Find the joys in doing, not in only having done. Life is a process, not a product.
Surrender to the chaos
Unless you seek to live alone forever, chaos will always be your roommate. Other people are ‘other’ –they see things differently, they react because they have a different perspective. The desire to live in peaceful harmony forever precludes living with other humans at any age.
Even if you did not understand the deal you were signing up for, the decision to have children comes with the built-in guarantee of a life filled with chaos. Will you fight it like it’s an unwanted intruder, or accept it as the inevitability it is, like static or dust?
Surrender, finally, to your own personal preferences
Do what you will, as you will.
It is only within this freedom and self-respect that you can find worth in your work –and free others to see the worth in the work you do, and perhaps even find value in doing it themselves.
The secret of children happily cooperating in their own homes is an atmosphere of joy, worthiness and respect which cannot be found in an atmosphere of dictatorial superiority.

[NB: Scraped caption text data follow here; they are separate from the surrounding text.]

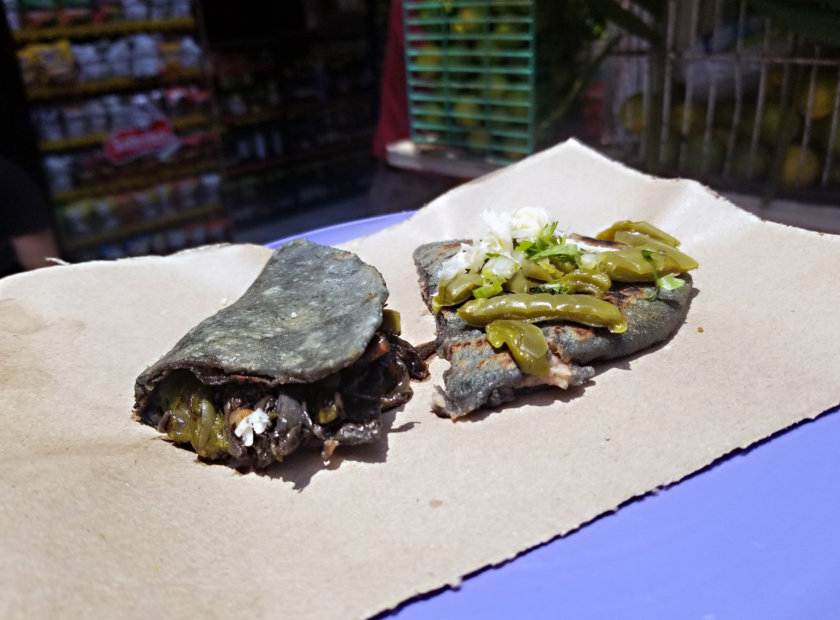 huitlacoche mexico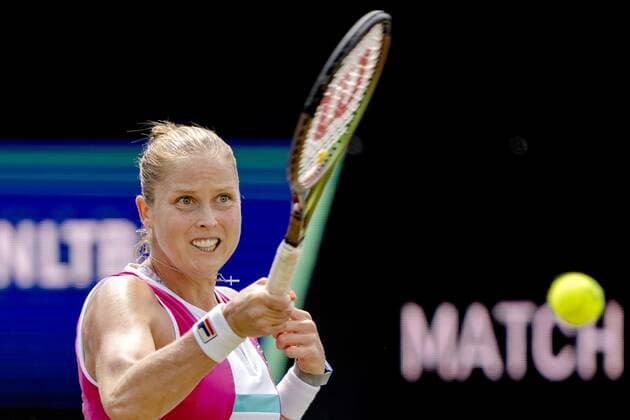 2022 06 11 13 12 06 ROSMALEN Tennis player Shelby Rogers United States in action during the match against Aryna Sabalenka not in photo, Belarus at the international tennis tournament Libema Open The combined Dutch tennis tournament for men and women will be held on the grass courts of Autotron for twelve days ANP SANDER KONING netherlands out belgium out Rosmalen xVIxxIVx 450268701 originalFilename: 0160883950st.jpg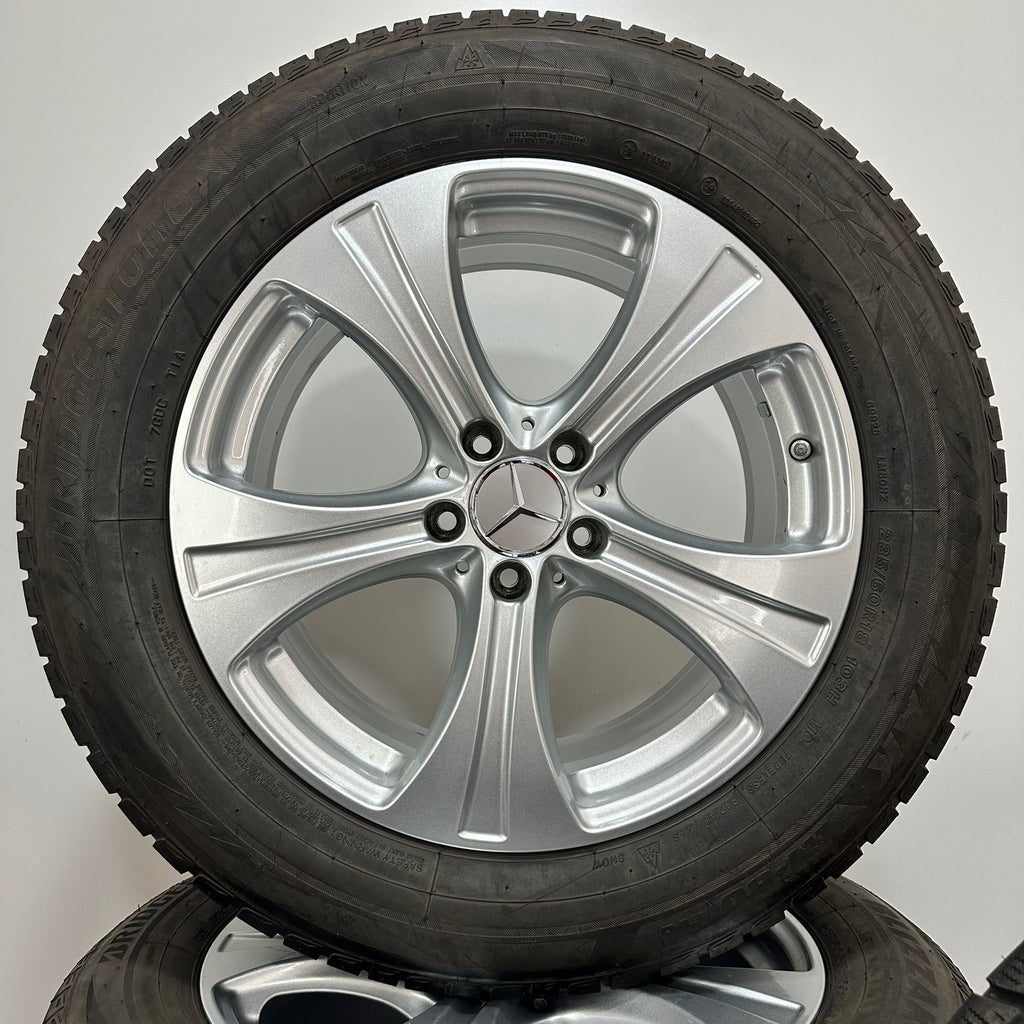 ❄️Jante Mercedes GLC R18 W253 anv iarna 235/60 R18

A parent who finds himself sneering at the idea of washing a floor cannot be surprised by a child’s distaste for the task. Equally, a man happily engaged in nurturing his family through meal preparations may well find cooperative bodies eager to share the room and help.
Joy, enthusiasm and a sense of an important job well done are all attractive, and contagious. When you feel resistance from your kids, check to see how you really feel about the work. . . and if you believe it is necessary to do at all.